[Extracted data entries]
::::::::::

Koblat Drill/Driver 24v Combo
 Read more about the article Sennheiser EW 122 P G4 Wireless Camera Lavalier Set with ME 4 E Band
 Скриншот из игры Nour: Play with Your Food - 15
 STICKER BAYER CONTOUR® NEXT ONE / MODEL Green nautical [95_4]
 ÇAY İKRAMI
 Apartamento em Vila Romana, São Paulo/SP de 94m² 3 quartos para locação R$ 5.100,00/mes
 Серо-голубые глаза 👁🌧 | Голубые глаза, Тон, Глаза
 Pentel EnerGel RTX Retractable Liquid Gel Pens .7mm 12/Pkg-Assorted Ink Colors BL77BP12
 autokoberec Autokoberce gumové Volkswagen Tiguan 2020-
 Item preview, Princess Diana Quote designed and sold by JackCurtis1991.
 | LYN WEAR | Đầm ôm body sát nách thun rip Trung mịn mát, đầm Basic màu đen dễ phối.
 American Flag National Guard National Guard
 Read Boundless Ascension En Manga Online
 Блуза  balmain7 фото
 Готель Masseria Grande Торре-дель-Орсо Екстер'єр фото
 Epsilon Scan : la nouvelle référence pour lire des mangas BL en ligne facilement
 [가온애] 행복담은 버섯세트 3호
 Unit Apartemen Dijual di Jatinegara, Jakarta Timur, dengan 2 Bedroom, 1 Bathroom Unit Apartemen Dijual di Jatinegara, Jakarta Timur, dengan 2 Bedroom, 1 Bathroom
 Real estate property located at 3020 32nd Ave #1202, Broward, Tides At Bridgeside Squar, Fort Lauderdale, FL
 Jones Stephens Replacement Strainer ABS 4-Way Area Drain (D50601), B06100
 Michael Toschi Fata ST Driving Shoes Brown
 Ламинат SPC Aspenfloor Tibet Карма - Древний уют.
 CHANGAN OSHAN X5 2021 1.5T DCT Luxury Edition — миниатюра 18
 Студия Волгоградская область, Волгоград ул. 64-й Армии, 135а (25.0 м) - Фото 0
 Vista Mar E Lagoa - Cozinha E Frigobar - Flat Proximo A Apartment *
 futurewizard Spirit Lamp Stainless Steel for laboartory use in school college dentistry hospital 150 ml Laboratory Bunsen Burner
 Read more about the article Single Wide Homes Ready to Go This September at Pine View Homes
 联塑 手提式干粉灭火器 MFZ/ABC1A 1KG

::::::::::

▸ What you have to do: What lines above contain the string "about"? Copy all of them.

▸ Solution:
 Read more about the article Sennheiser EW 122 P G4 Wireless Camera Lavalier Set with ME 4 E Band
 Read more about the article Single Wide Homes Ready to Go This September at Pine View Homes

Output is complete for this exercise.